The fifth workshop on NLP and XML with theme Multi-dimensional Markup in Natural Language Processing is the theme of the fifth workshop on NLP and XML (NLPXML-2006)
- What is Multi-dimensional Markup?
- What problems are associated with combining markup?
- Would these problems not disappear if we just did not use XML/SGML?
- What solutions are there for markup combinations?
- Where can I find more information on combining markup?
1. What is Multi-dimensional Markup?
Multi-dimensional markup refers to any combination of document annotations. For example, a document may contain specifications of typographic entities (headings, paragraphs and lines) as well as annotations of linguistic entities (sentences, phrases and words). The combination of two or more of such annotation sets is called Multi-dimensional markup.
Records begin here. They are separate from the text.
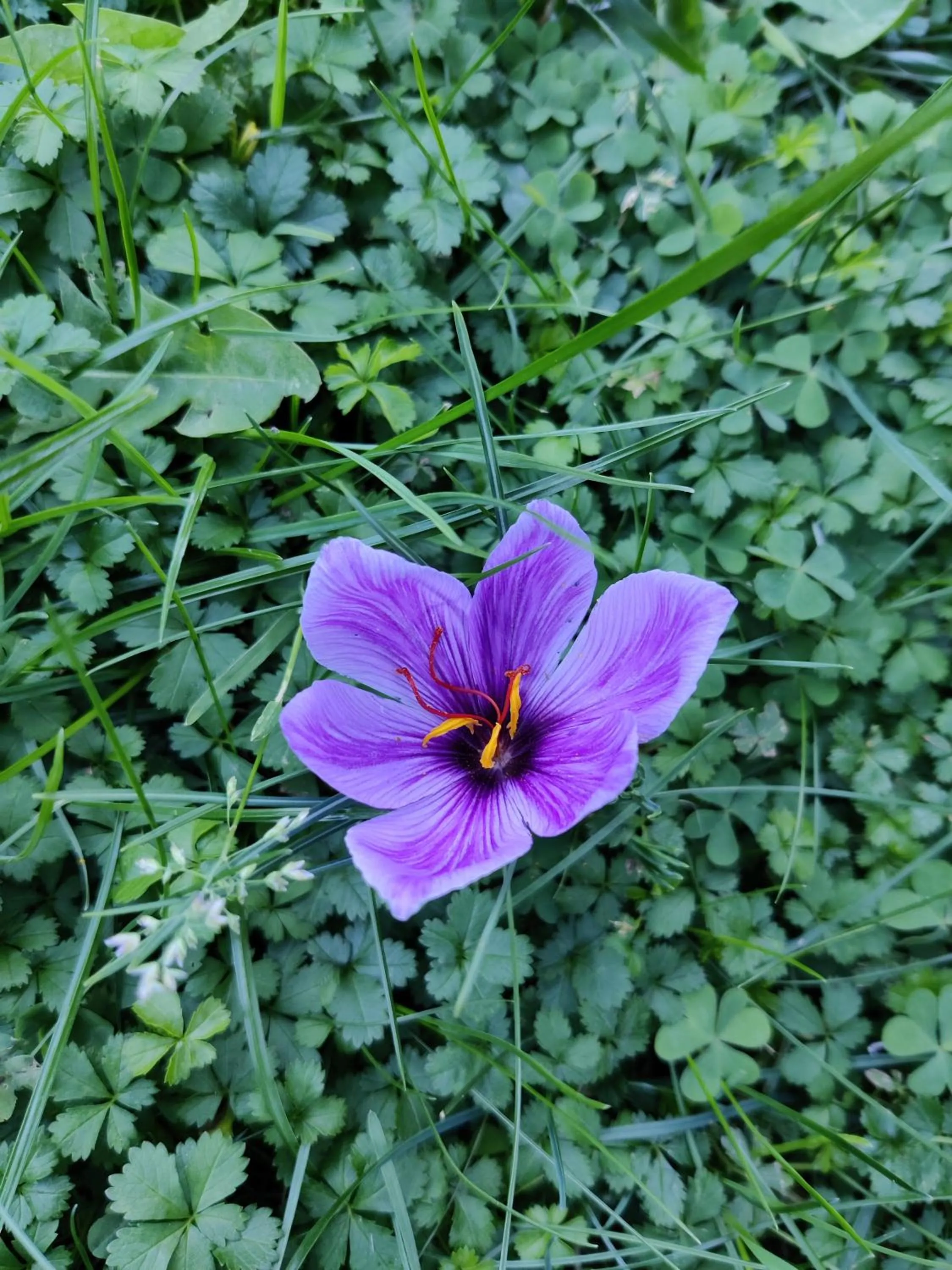 Garden in Relais del Brigante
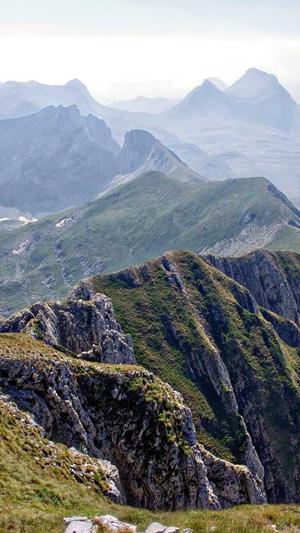 孕妇可以吃八月瓜吗截图1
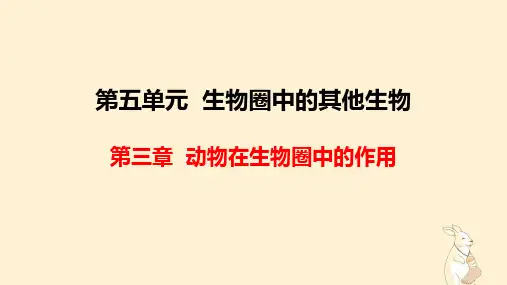 2022-2023学年人教版生物八年级上册 5-3 动物在生物圈中的作用 课件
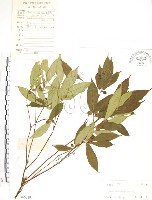 藏品(天仙果、臺灣榕)的圖片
2. What problems are associated with combining markup?
The biggest problem associated combining markup is overlap: when one entity continues after the end of a previously started entity: <entity1> A <entity2> B </entity1> C </entity2>. Such a construction can easily occur if two independent annotation sets are combined but it is not allowed in standard versions of XML.
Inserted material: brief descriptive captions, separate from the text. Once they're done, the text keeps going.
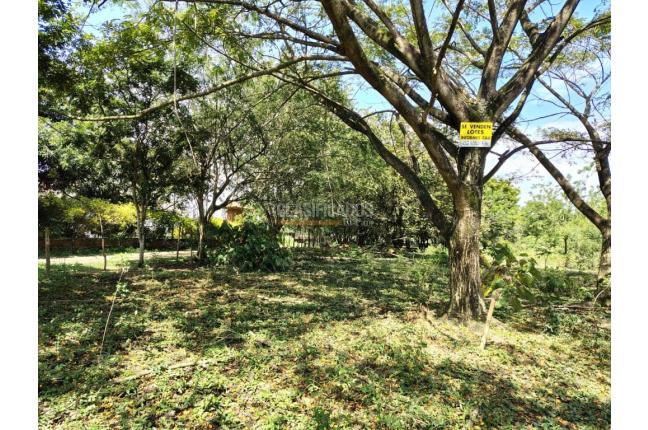 Lotes, Venta en Pance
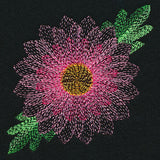 Blooming Garden Chrysanthemum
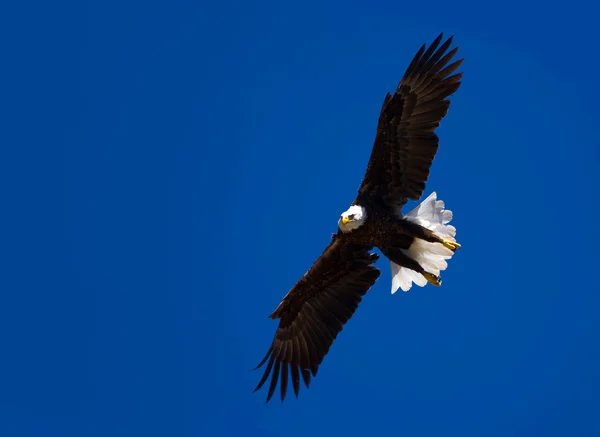 Смелый орёл в полёте — стоковое фото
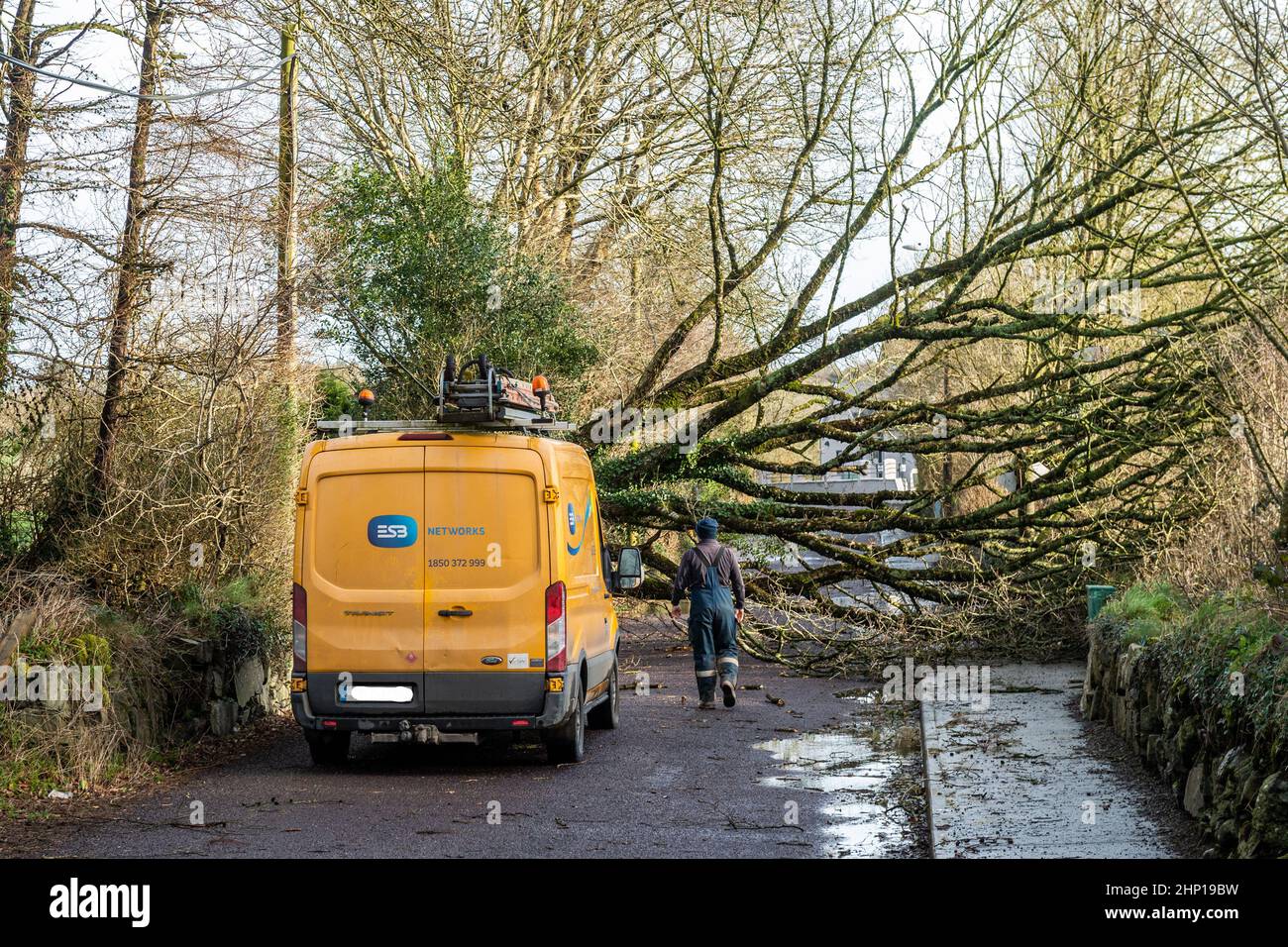 Dunmanway. Cork Occidentale, Irlanda. 18th Feb 2022. Un albero è caduto giù vicino al Dunmanway Hospital durante Storm Eunice oggi., bloccando completamente la strada. L'ESB è arrivata sulla scena per affrontare i cavi elettrici caduti. Credit: AG News/Alamy Live News Foto Stock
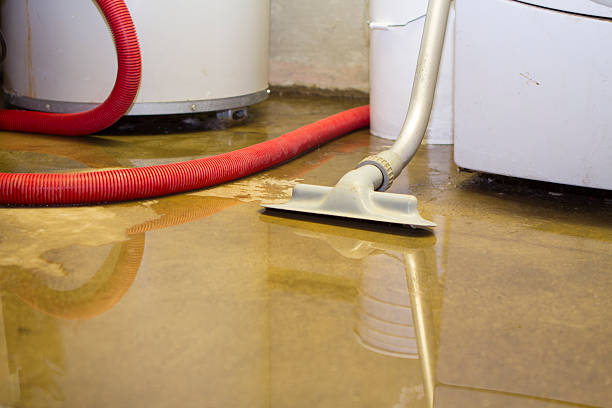 Best Water damage cleanup near me  in Hampton, GA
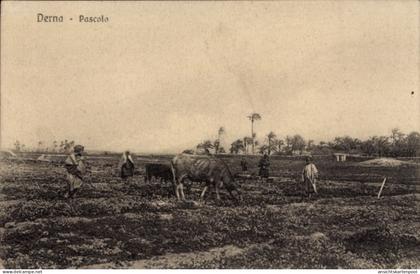 CPA Darna Derna Libyen, Bauern mit abgemagerter Kuh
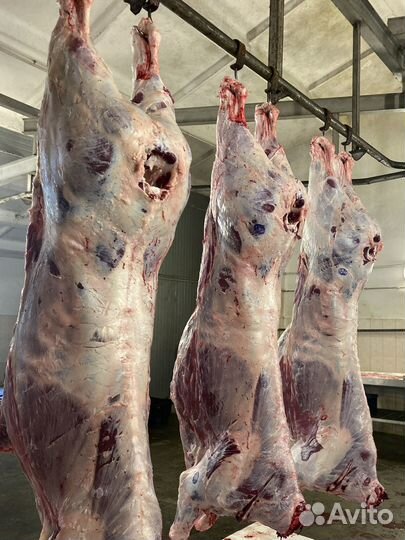 Туши мясной говядины породы оптом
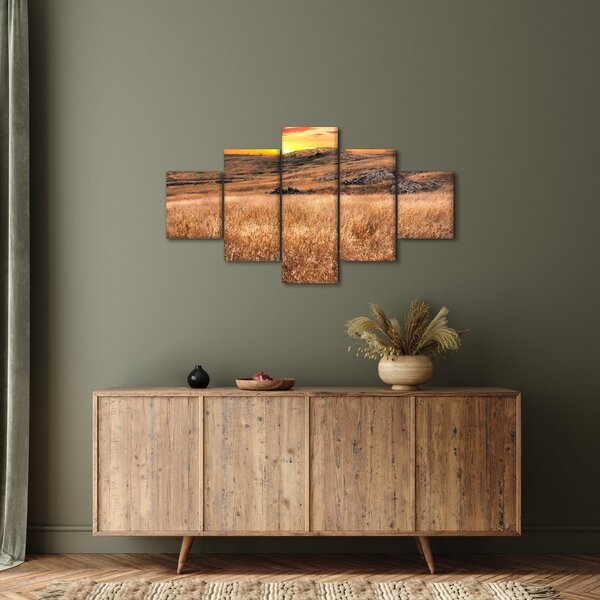 Obraz pole (125x70 cm)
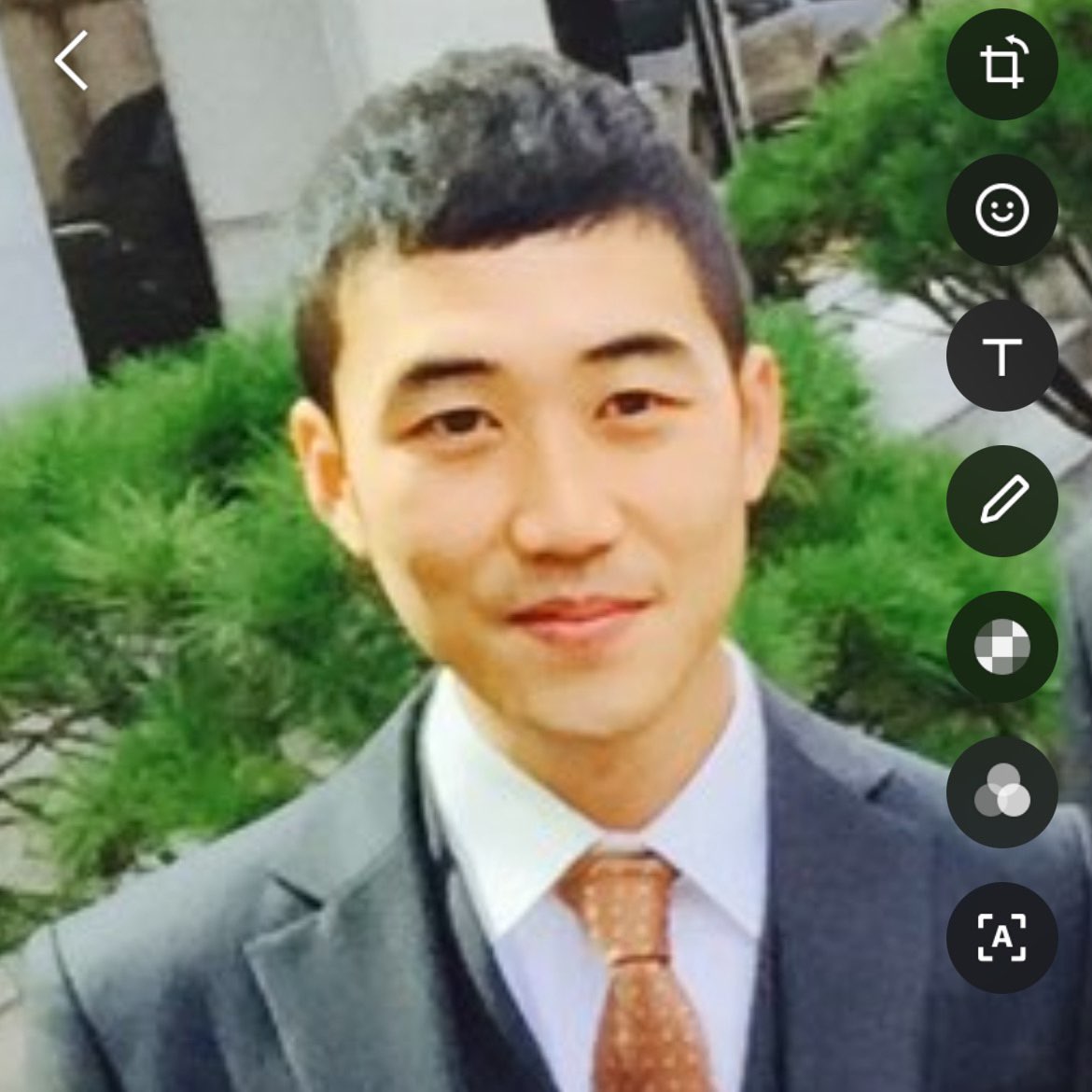 지노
A larger scale example of this problem can be found in Durusau & O'Donnell's XML Europe 2002 paper.
3. Would these problems not disappear if we just did not use XML/SGML?
This is indeed a problem of the structure of XML/SGML but abandoning these is not an option. XML is the current annotation standard and additional to XML annotations for text corpora, various XML processing software are being developed, all of which we want to be able to apply to our data.
4. What solutions are there for markup combinations?
The most common approach to combining different text annotations in the field of Natural Language Processing is standoff annotation, in which independent annotations pointing to positions in a text file are kept aside from the data. Well-known systems that use standoff markup are GATE (General Architecture for Text Engineering), Callisto, NXT (NITE XML Toolkit), MMAX, AGTK (Annotation Graph Toolkit) and ATLAS (Architecture and Tools for Linguistic Analysis Systems). Another solution is GODDAG which represents annotations as graphs rather than trees.
5. Where can I find more information on combining markup?
The theoretical and practical problems of combining different markup levels have been discussed at the different editions of the Extreme Markup conferences.
Another good source for information is the TEI Overlapping Markup SIG wiki.
The XML Hierarchies page on Cover Pages gives a timeline of events in hierachical annotation with many links to interesting information.